Yasonna menjelaskan, Perjanjian Ekstradisi ini memiliki masa retroaktif (berlaku surut terhitung tanggal diundangkannya) selama 18 tahun ke belakang. Hal tersebut sesuai dengan ketentuan maksimal daluwarsa sebagaimana diatur dalam Pasal 78 Kitab Undang-Undang Hukum Pidana (KUHP)Indonesia.
Jenis-jenis tindak pidana yang pelakunya dapat diekstradisi menurut Perjanjian Ekstradisi ini berjumlah 31 jenis di antaranya tindak pidana korupsi, pencucian uang, suap, perbankan, narkotika, terorisme, dan pendanaan kegiatan yang terkait dengan terorisme.
BACA JUGA: Perjanjian Ekstradisi Indonesia–Singapura Diteken
Perjanjian Ekstradisi Indonesia-Singapura ini telah diupayakan Indonesia sejak 1998 lalu.
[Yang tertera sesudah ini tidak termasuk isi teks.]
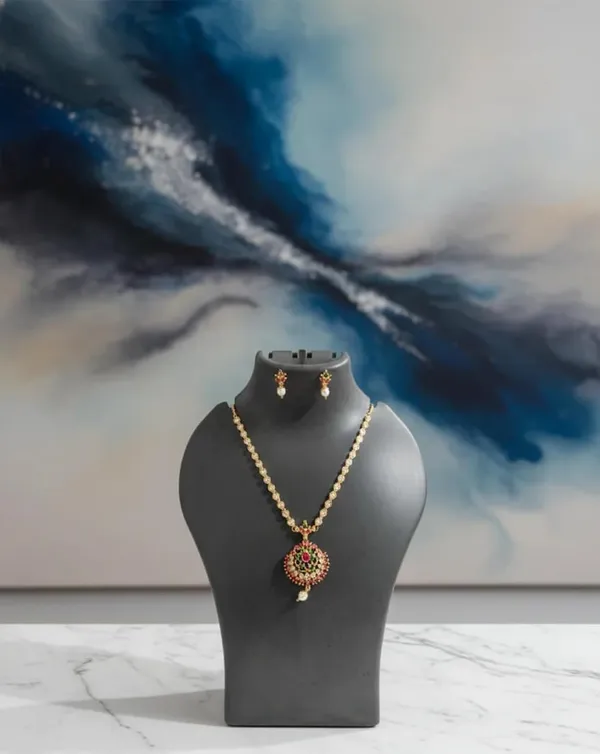 Pearl_Chain_Necklace_Set_With_Pendant_And_Earrings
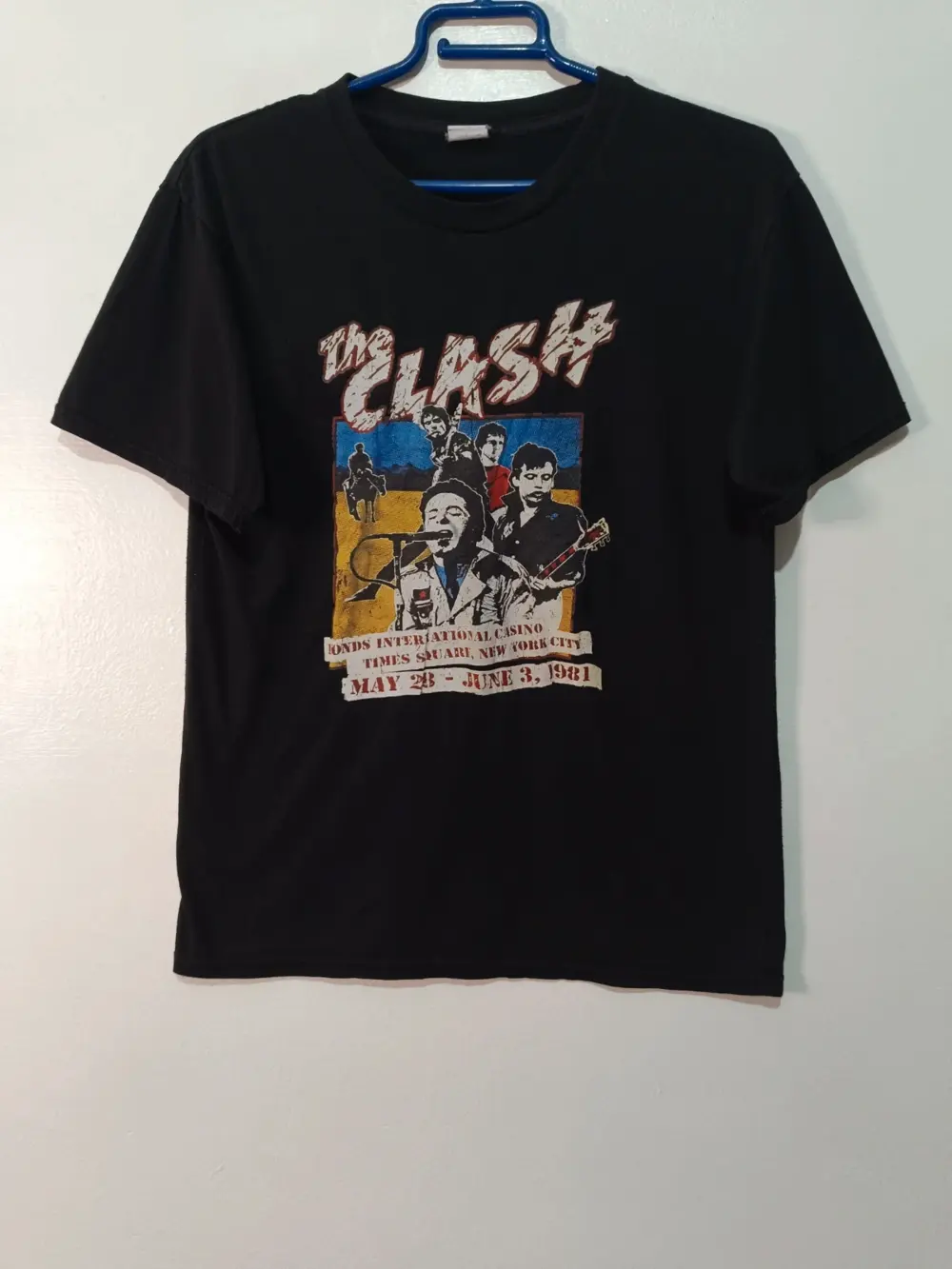 Camiseta The Clash "Bonds International Casino New York 1981" - Talla S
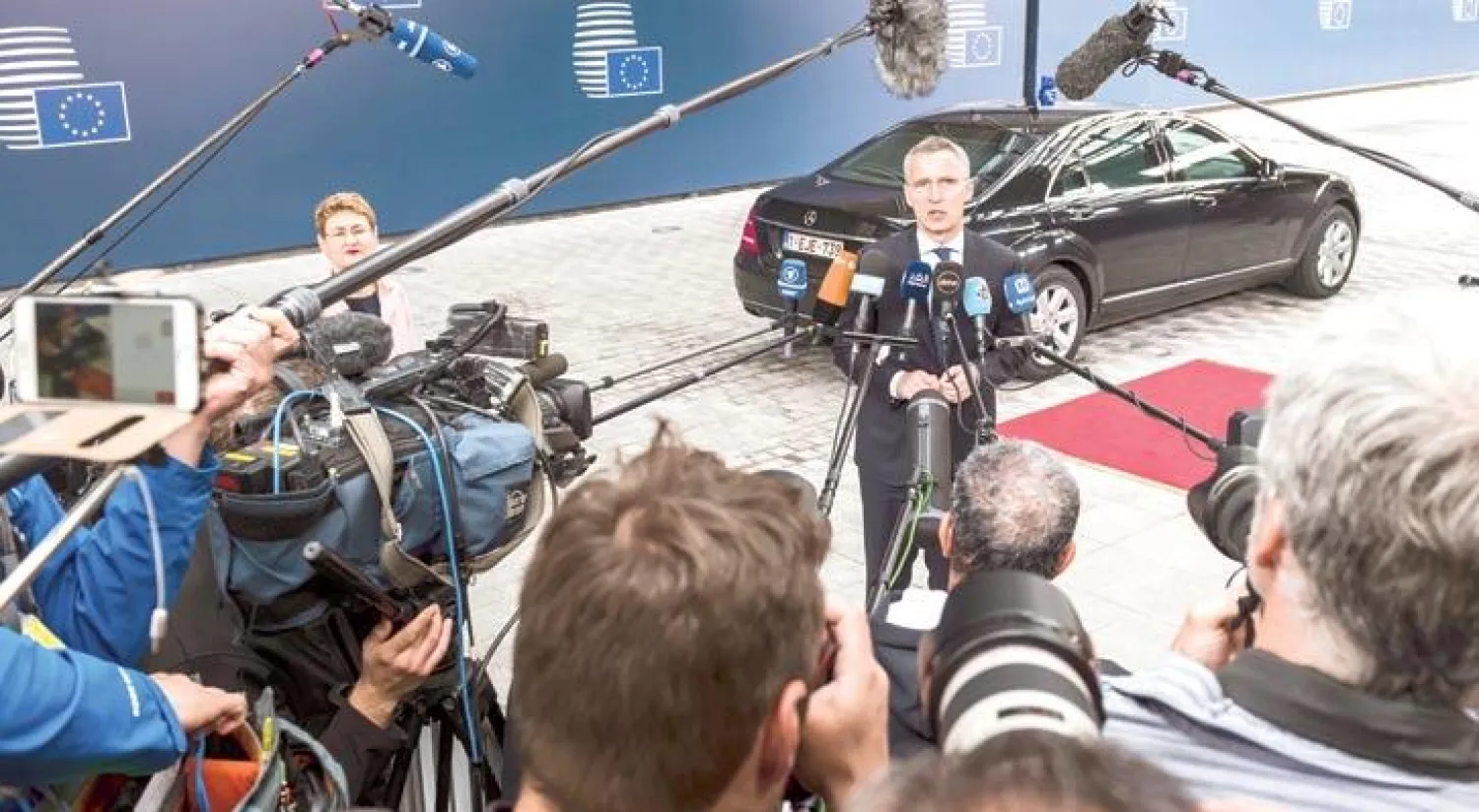 ستولتنبرغ خلال مؤتمر صحافي في بروكسل عن قمة الأطلسي المقبلة  (إ.ب.أ)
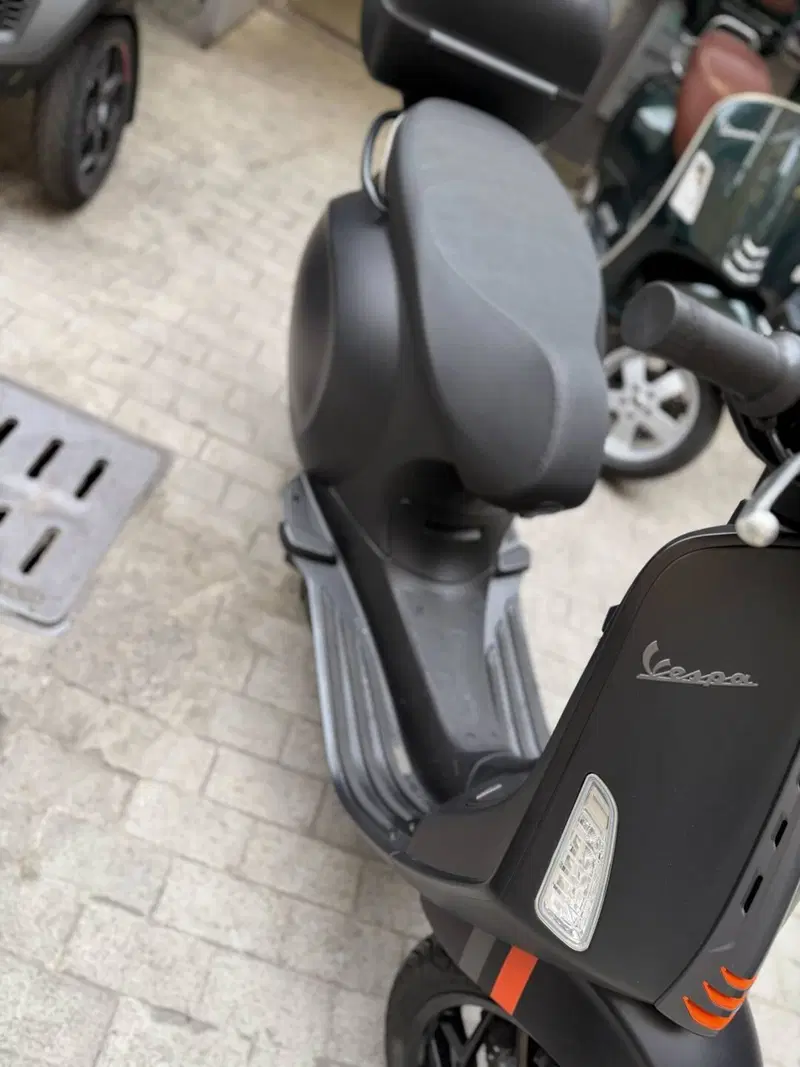 Vespa Sprint Elettrica 45 S (2024 - 25) (2)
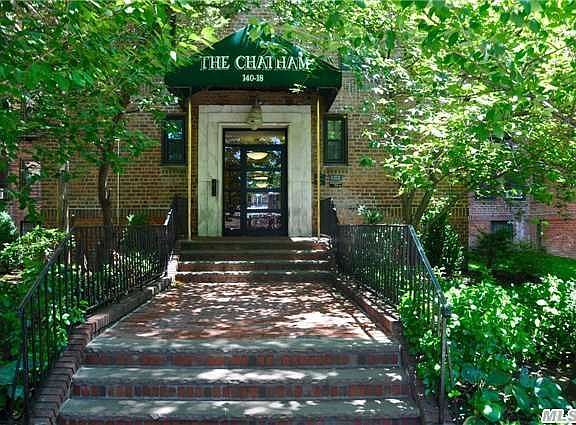 2nd image of 140-18 Burden Cres #611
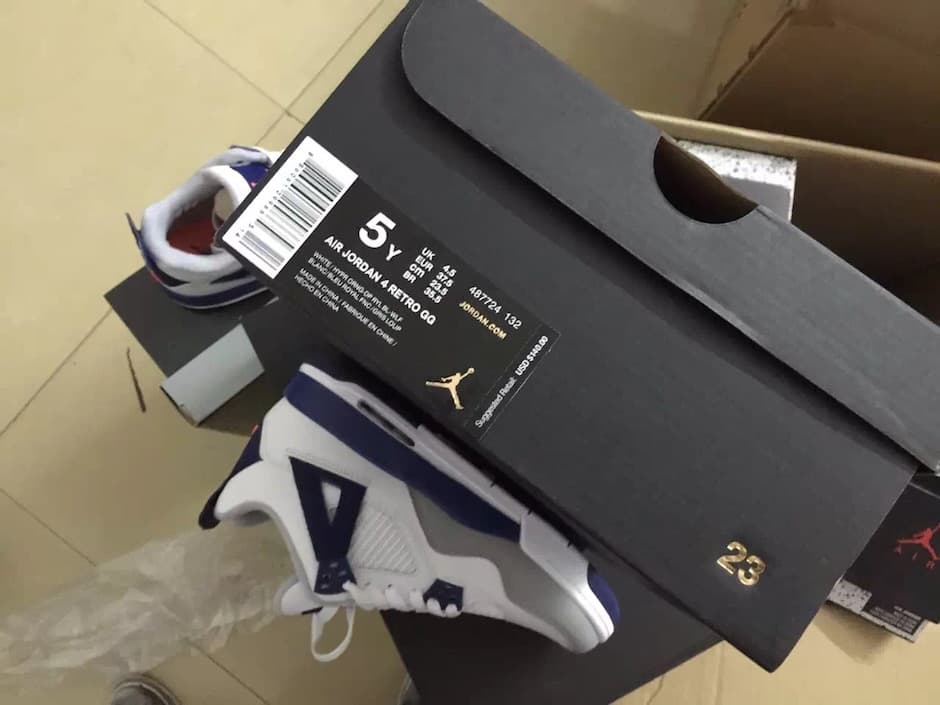 Air Jordan 4 GS release photo 4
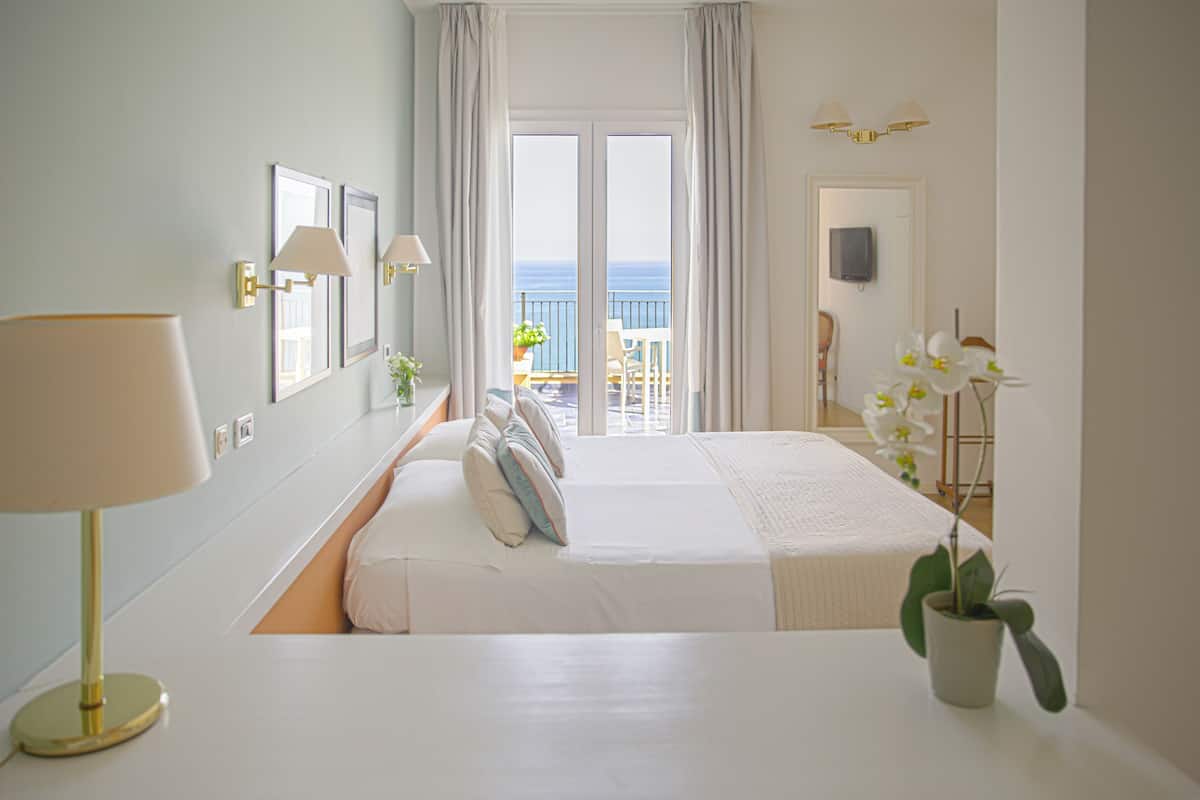 junior suite | down duvets, minibar, in-room safe, desk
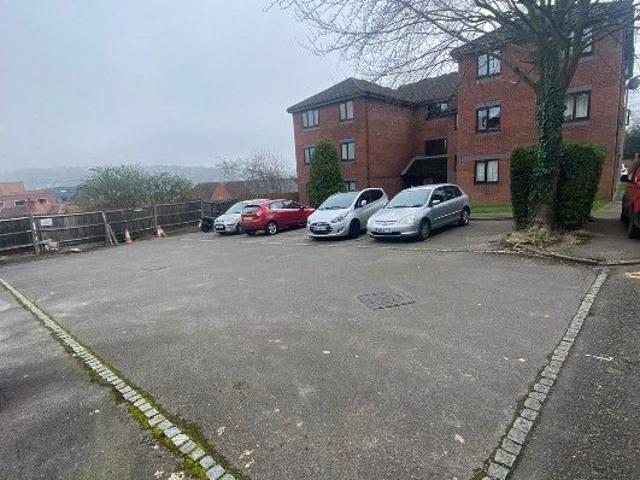 Apartment for rent in Daws Hill, Cressex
Dikutip dari keterangan pers Kemenkumham per Selasa (26/1/2022) , beberapa momen menuju ditekennya perjanjian di 2022 ini setelah mulai diupayakan pada 1998 lalu yaitu:
- Pada 16 Desember 2002, bertempat di Istana Bogor, pertemuan bilateral antara Presiden Indonesia, Megawati Soekarnoputri, dan Perdana Menteri Singapura, Goh Chok Thong, salah satunya menghasilkan kesepakatan bahwa Indonesia dan Singapura akan menyusun action plan pembentukan Perjanjian Ekstradisi Indonesia–Singapura.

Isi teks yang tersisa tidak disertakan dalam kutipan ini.